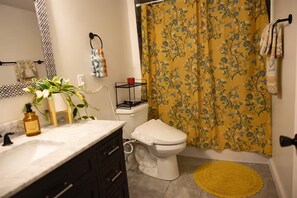 Une salle de bain équipée de toilettes, d’un lavabo, d’un miroir, d’un porte-serviettes et d’un rideau de douche à motifs floraux jaunes.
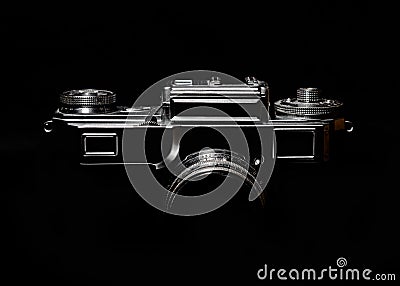 Contour of a vintage camera in the dark Stock Photo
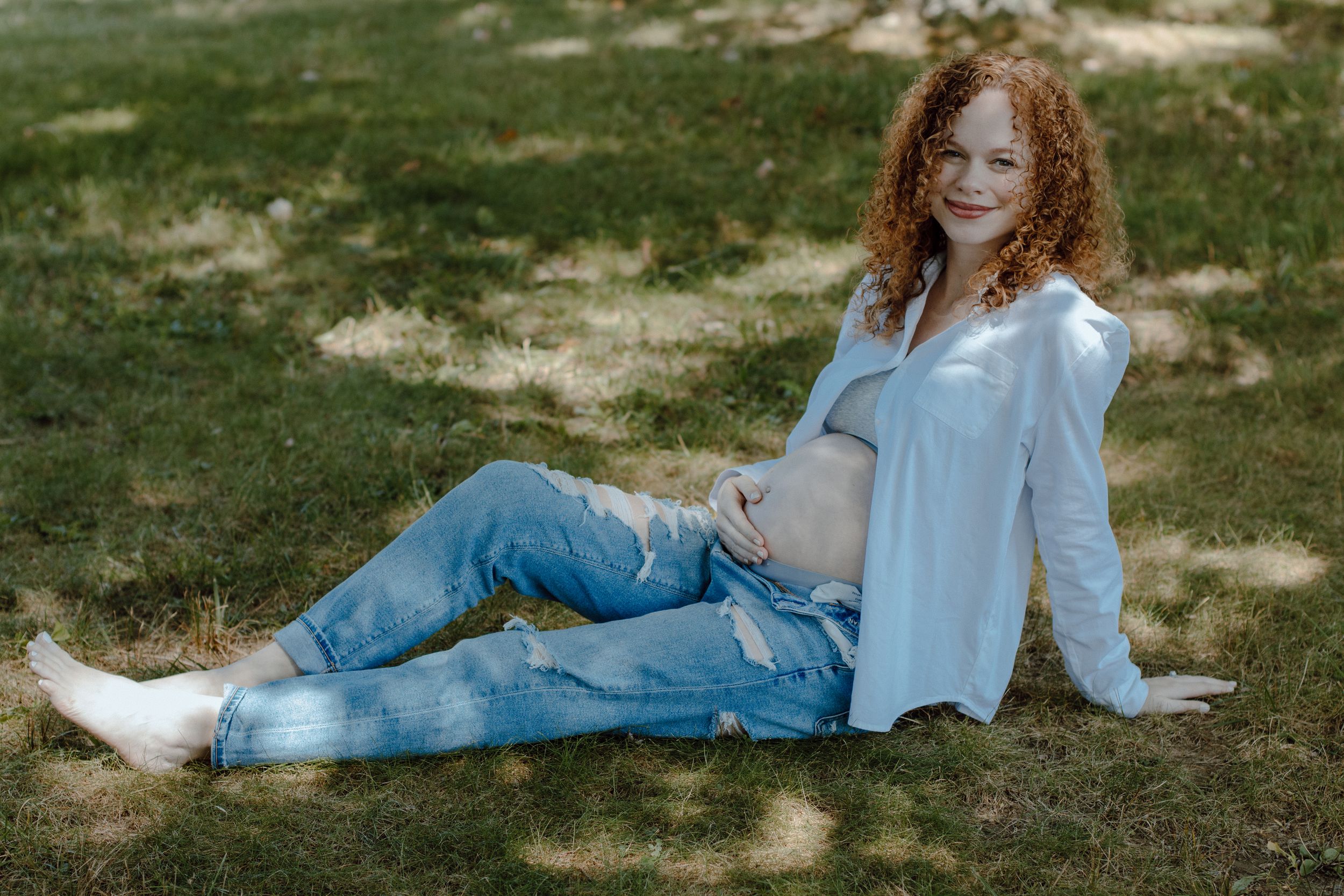 Person relaxing on grass wearing white shirt and jeans in outdoor setting.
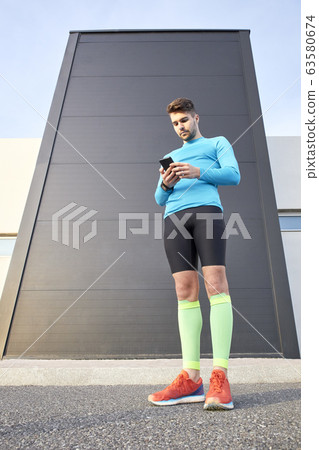 sportsman looking at the internet app on his sportsman looking at the internet app on his 63580674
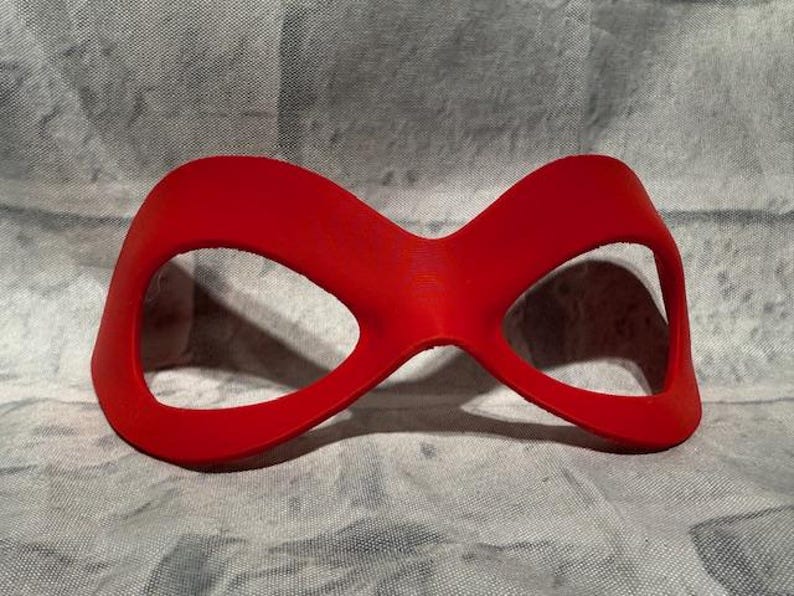 Puede incluir: Una m&aacute;scara de ojos roja brillante con un dise&ntilde;o curvo. La m&aacute;scara presenta dos grandes aberturas para los ojos y un acabado liso y mate. La m&aacute;scara est&aacute; dise&ntilde;ada para adaptarse sobre los ojos y la nariz, y probablemente se utiliza para fines de disfraz o cosplay.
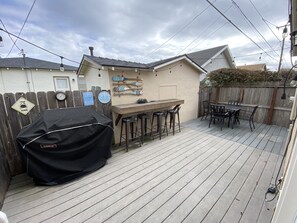 En trädgård med en träaltan, en grill, ett matbord med stolar och en barhörna med barstolar.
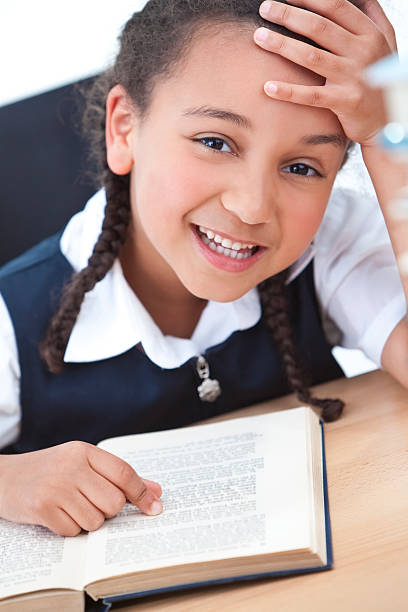 istock Pretty Young School Girl Reading A Book 91741751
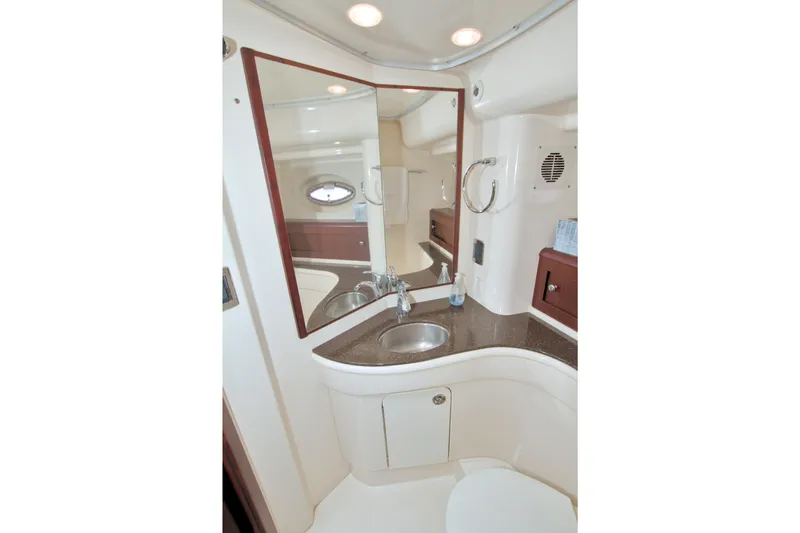Slide: The Image of Bathroom interior of 2013 Meridian 441 Sedan yacht, featuring sink and mirror. - 58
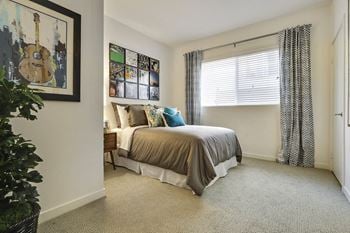 A bedroom with a bed, a guitar picture, a window with curtains, and a carpet.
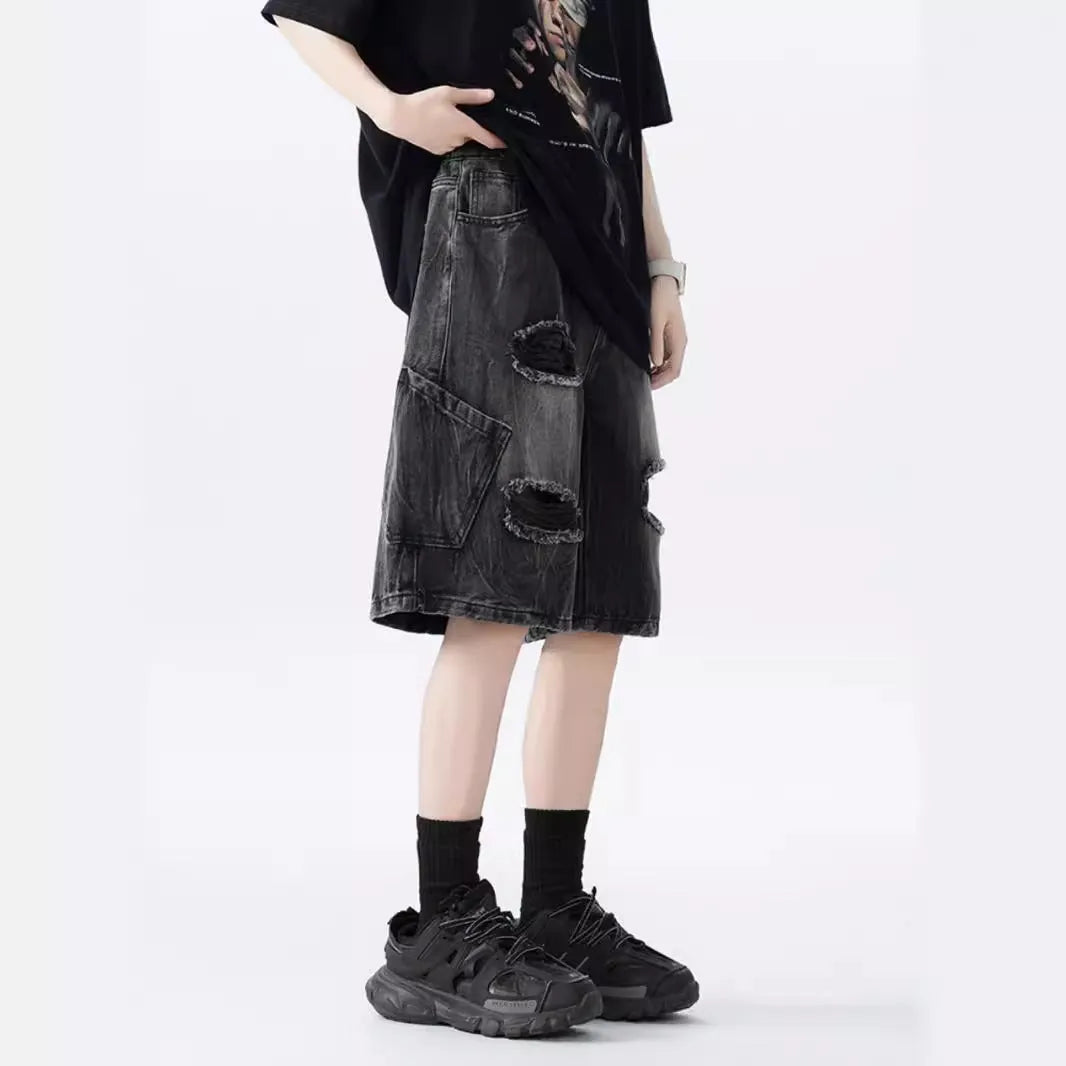 Man's loose-fit ripped denim shorts in washed black showing distressed details and retro styling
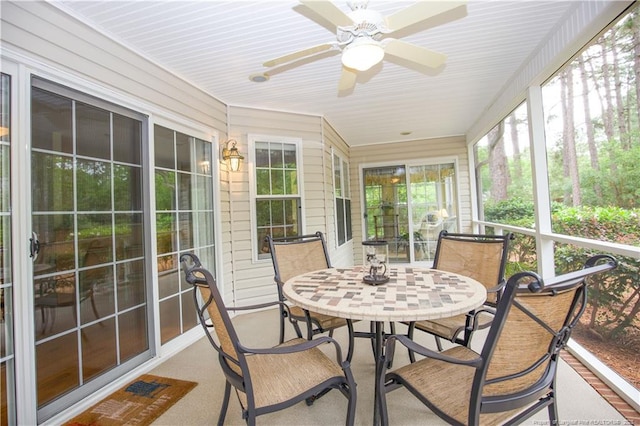 957 Blackeyed Susan Pl, Vass, NC 28394 - sunroom / solarium with ceiling fan and outdoor dining space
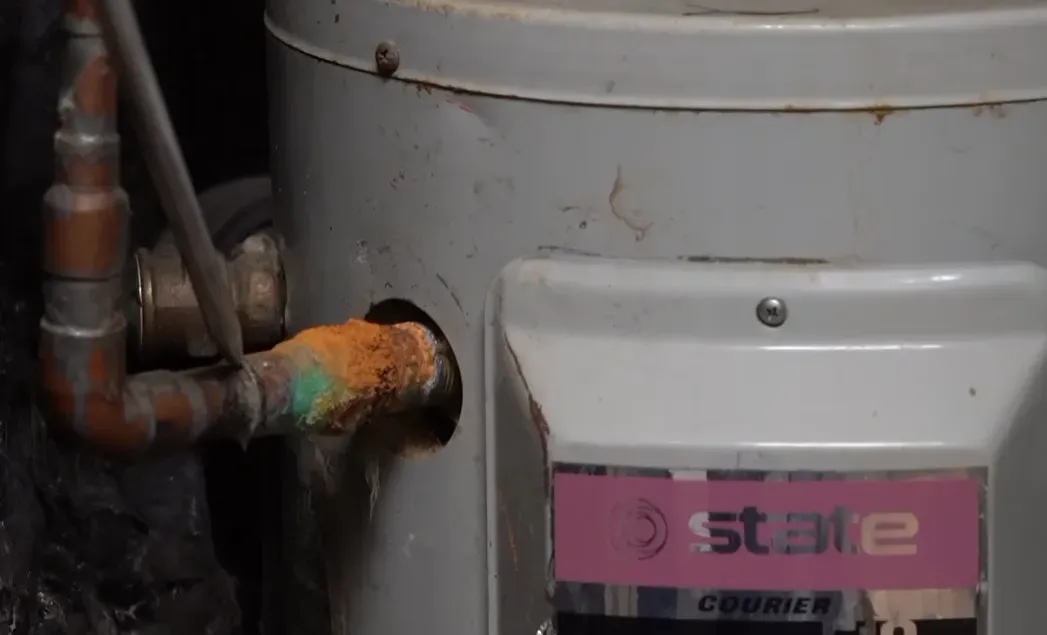 Heavily corroded copper pipe connection at a water heater showing the type of plumbing damage found during slab leak repair and detection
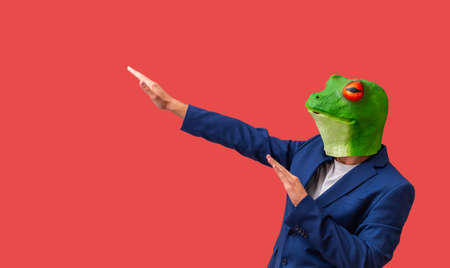 man with googly-eyed frog mask euphoric and celebrating with arms on red background with copy spaceの写真素材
+ + + + + + +
What is needed is a word-for-word copy of the lines from the start of the data to the line with "sportsman looking at the internet app on his sportsman", inclusive, with no pictures in it.

 Une salle de bain équipée de toilettes, d’un lavabo, d’un miroir, d’un porte-serviettes et d’un rideau de douche à motifs floraux jaunes.
 Contour of a vintage camera in the dark Stock Photo
 Person relaxing on grass wearing white shirt and jeans in outdoor setting.
 sportsman looking at the internet app on his sportsman looking at the internet app on his 63580674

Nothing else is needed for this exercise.